Estos bocados —el taco de torrezno, la ensaladilla rusa en panipuri, la hamburguesa de pollo— están pensados para aquellos a quién les guste ensuciarse las manos para después lamerse los dedos. No os preocupéis: en el local nos ofrecen desde el minuto uno aquellas toallitas húmedas de marisquería de menú, y realmente cunden.

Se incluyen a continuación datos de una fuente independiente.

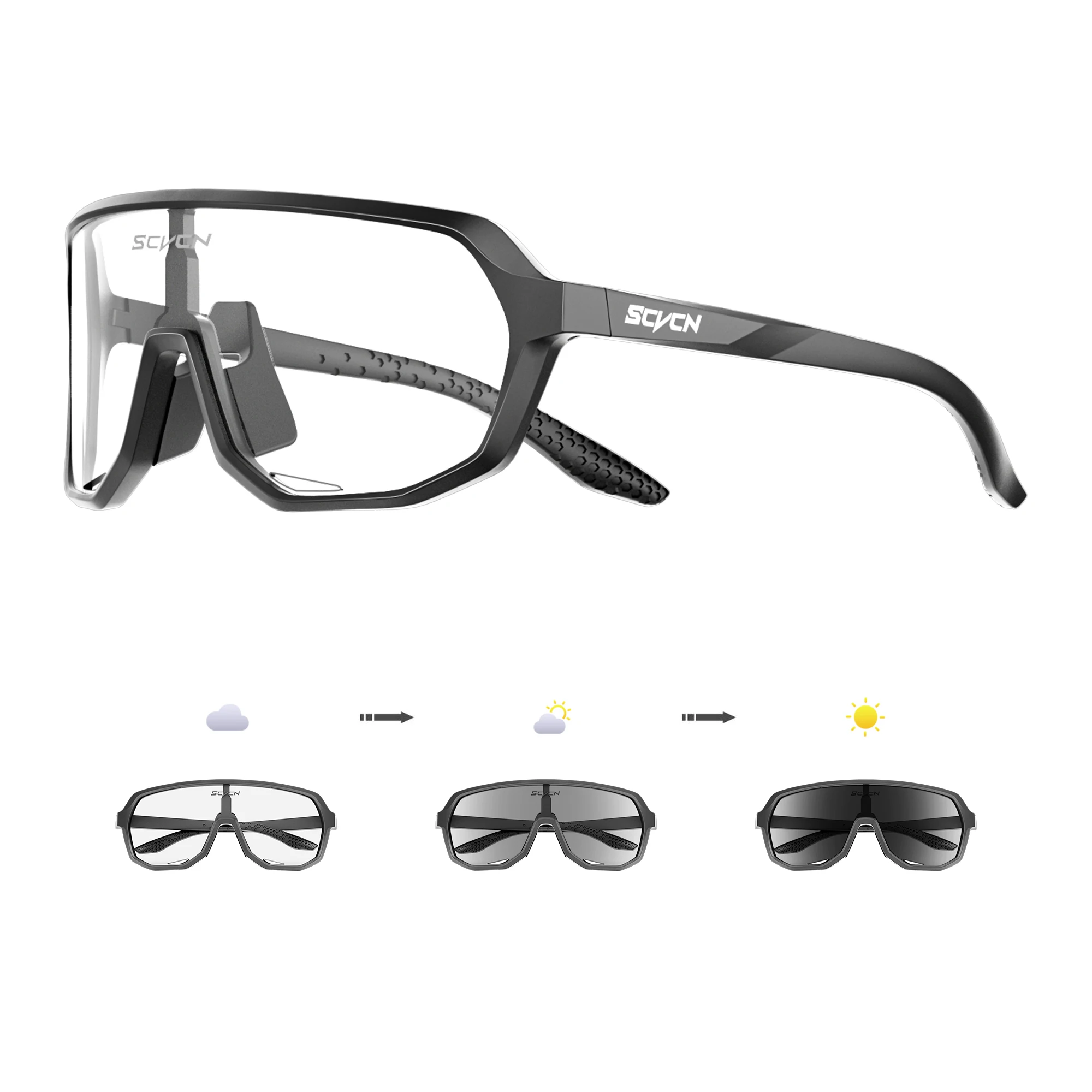 SCVCN Hiking Eyewear Sports Glasses Cycling Glasses Fashion Sunglasses for Men MTB Bike Bicycle Sports UV400 Hunting Driving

Los cubiertos, si eso, les podemos blandir para probar las albóndigas de pollo con arroz de chile rojo, sésamo negro y cebolla japonesa.

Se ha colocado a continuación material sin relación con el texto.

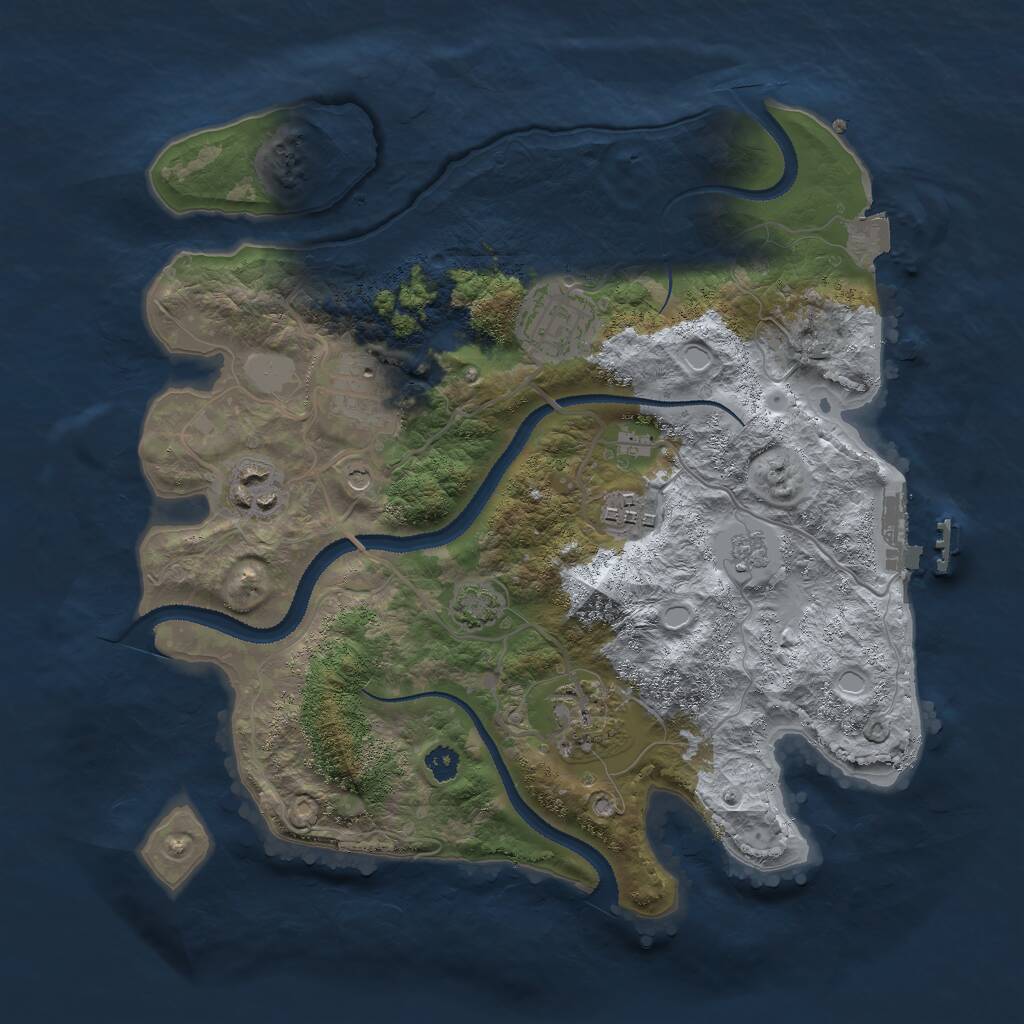 Rust Map: Procedural Map, Size: 3000, Seed: 19990410, 10 Monuments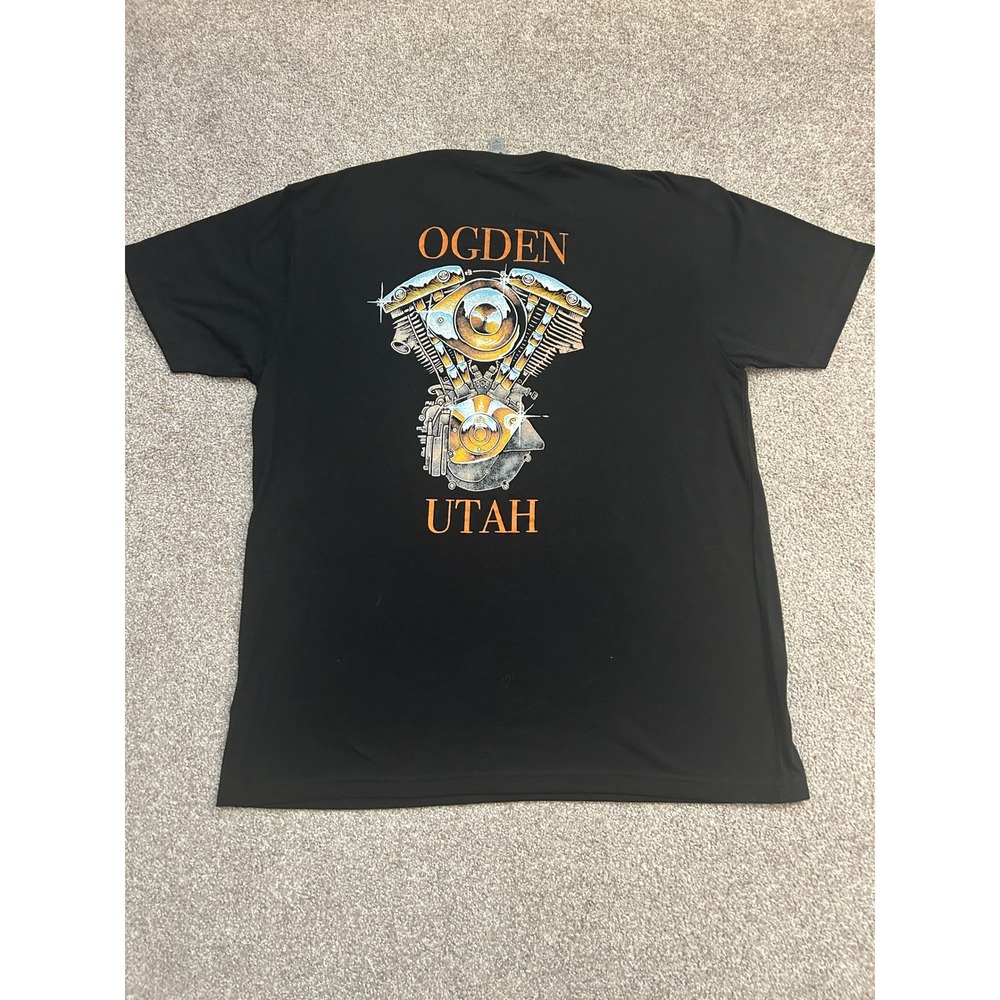 Next Level Apparel Ogden Utah Motorcycle Engine T-Shirt Mens XL Black Excellent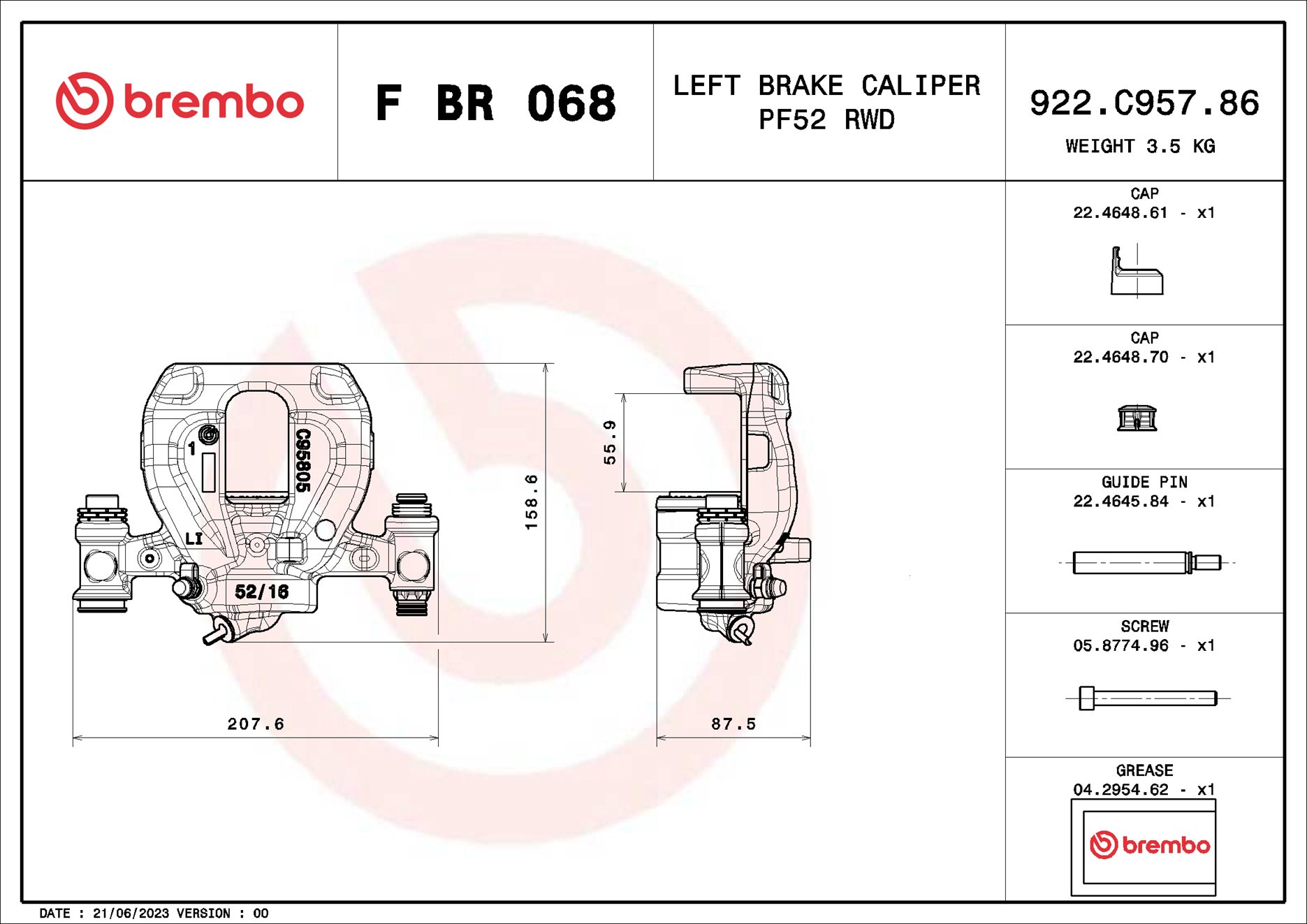 Bremssattel Hinterachse links (1-Kolben) F BR 068 BREMBO für MERCEDES-BENZ - Bild 5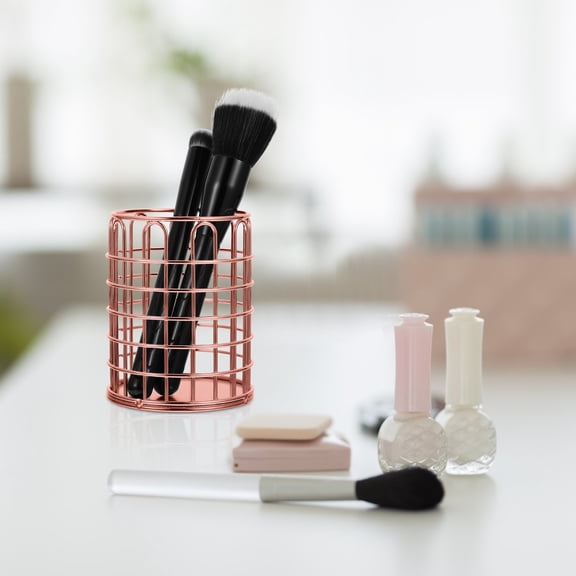 FOMIYES Golden Makeup Brush Holder Box with Stylish Design, Desktop Organizer for Cosmetic Storage and Beauty Tools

Todos estos platos funcionan como entrante, pero no se puede ir al Piel de Gallina sin responder, con conocimiento situado, a la pregunta retórica que abría esta pieza. ¿Podemos deshacernos de la imagen del cubo a rebosar de pollo frito? ¿Podemos deshacernos, sin renunciar al placer epicúreo de tiznarnos los dedos con fritura? Dios nos contestaría con flores. En Piel de Gallina, mesa bendecida, lo hacen mojando pollo frito con yema de huevo y, como traca final, un buen chaparrón de caviar.

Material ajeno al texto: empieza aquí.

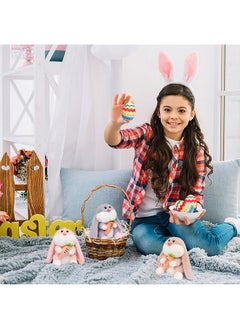 Fortuning's JDS Easter Basket Stuffers, Kawaii Bunny Stuffed Animals With Colorful Eggs As Easter Plush Gift For Kids, Mini Rabbit Plush Pillow Toys(6 Pieces,4.72")  - Image 3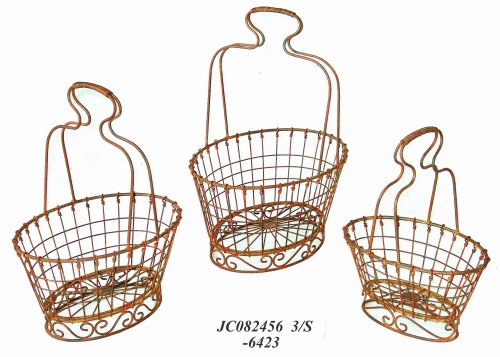 Decorative Rustic Wrought Iron Metal Outdoor Patio. S/3 BASKETS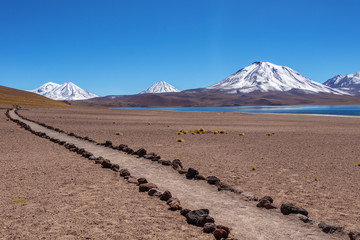 Highland lakes Miscanti and Miniques, hidden among volcanoes in Los Flamencos National Reserve, Atacama desert, Chile, South America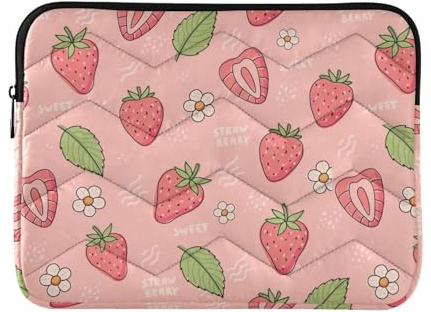 Sletend Strawberries Laptop Sleeve 13 inch Cute Laptop Bag 14 inch Waterproof Computer Bag for Women Laptop Accessories Computer Cover Bag for Tablet Men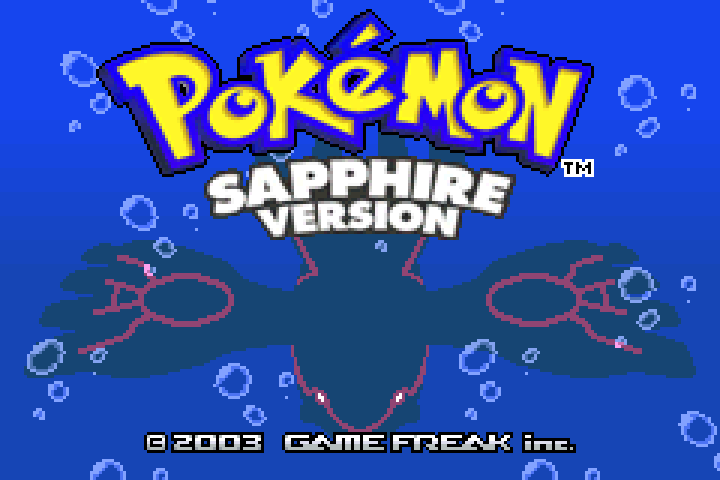Pokémon Sapphire — title screen.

¿Podemos deshacernos, de la imagen del cubo a rebosar de pollo frito? ¿Podemos deshacernos de ella, sin renunciar al placer epicúreo de tiznarnos los dedos con fritura?

Dentro de esta bacanal de la fusión, se podría pensar que, en Piel de Gallina, la cocina catalana se arrincona en la parte más inhóspita de la buhardilla. Al contrario, uno de los platos estrella del restaurante nos presenta seis piezas de pollo frito donde se nos propone un viaje gastronómico por todo el mundo con escala en Tennessee, Seúl, Lima, Patagonia, Bangkok y, por supuesto, Valls. El corte de pollo crujiente con calçot frito, romesco, avellana y perejil frito es de aquellos que agotan los adjetivos, y uno de los gallos de batalla que Piel de Gallina pone a competir en los festivales kilómetro cero del país.

Otro frente donde la proximidad se cuida al detalle son las bebidas. Las botellas de sidras de pequeños productores catalanes —Gos com Fux, Crèdit Variable, Lord—, de cervezas artesanales —Cyclic, Caravelle—, y de hasta cuatro referencias de vinos naturales, van arriba y abajo del restaurante bajo una cuidadosa prescripción de maridaje del equipo de sala. Para acabar, de Piel de Gallina no te puedes ir sin probar los postres; en este sentido, el donut de camión Tatín y la torrija con mascarpone son una burrada. Una de esas que —la cuenta, por favor— ponen la carne de gallina.